Let $f: X \to Y$ be continuous with $X$ being compact, and $Y$ Hausdorff. Show for any closed $F \subset X$, $f(F) \subset Y$ is closed. Let $F \subset X$ be closed, as $X$ is compact it is a well known fact that closed subsets of compact need be compact thus $F$ is compact. And $f$ preserves compactness as it is conitnuous, thus $f(F) \subset Y$ is compact and another will known fact is compact subsets of Hausdorff need be closed thus $f(F) \subset Y$ is closed and $f$ is a closed map.
For proofs of our well known facts:
Closed subset of compact is compact: Let $A \subset X$ be closed with $X$ compact and let $\{U_a\}_{a \in A}, A$ some arbitrary indexing set be an open covering for $A$. Since $A$ is closed, then $X \setminus A$ is open and $\bigcup_{a \in A} U_a \cup X \setminus A$ is an open covering for $X$ and by its compactness there exists a finite subset $B \subset A$ such that
$$\bigcup_{a \in B}U_a \cup X \setminus A$$
is a finite sub cover for $X$ implying $\bigcup_{a \in B}U_a$ is a finite sub cover for $A$ making it compact.

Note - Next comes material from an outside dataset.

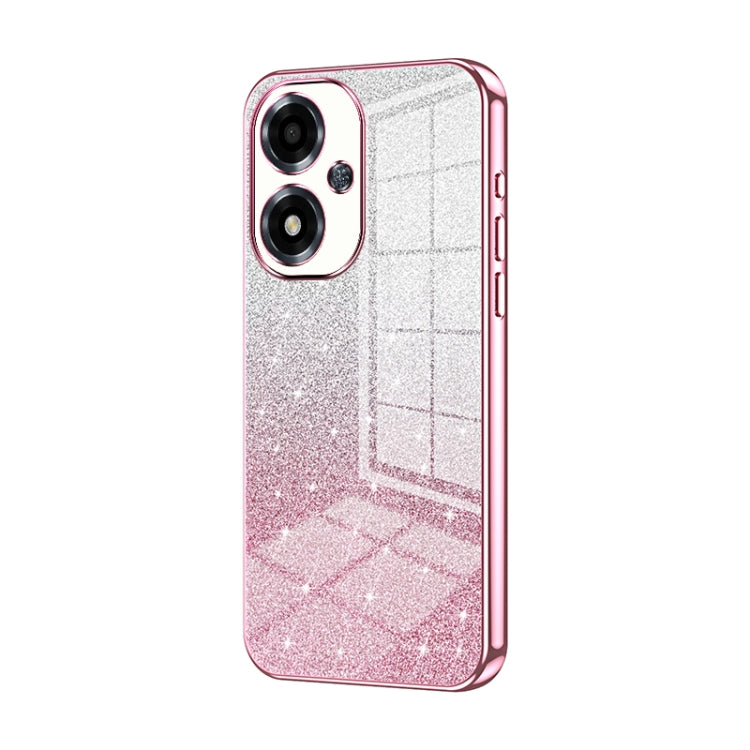 For OPPO A2m Gradient Glitter Powder Electroplated Phone Case(Pink) - OPPO Cases by buy2fix | Online Shopping UK | buy2fix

Second fact: Suppose $A \subset X$ is compact and $X$ is Hausdorff, we aim to show $X \setminus A$ is open. Let $x \in X \setminus A$ I will find a neighborhood of $x$ disjoint from $A$. By Hausdorffness of $X$, for each $a \in A$, there exists disjoint open set $U_a \ni x, V_a \ni a$. Thus $\{V_a\}_{a \in A}$ is an open covering for $A$ and by its compactness, there exists some finite $B \subset A$ such that $\{V_a\}_{a \in B}$ is a finite sub cover for $A$ so put $V = \bigcup_{a \in B}V_a$ and put $U = \bigcap_{a \in B}U_b$ which is open as finite intersections of open need be open and as for every $a \in A$, $U_a \cap V_a = \emptyset$, one has $U \cap V=\emptyset$ thus we have found a neighborhood of $x$, namely $U$ which is disjoint from $A$ and $X \setminus A$ is open forcing $A$ to be closed.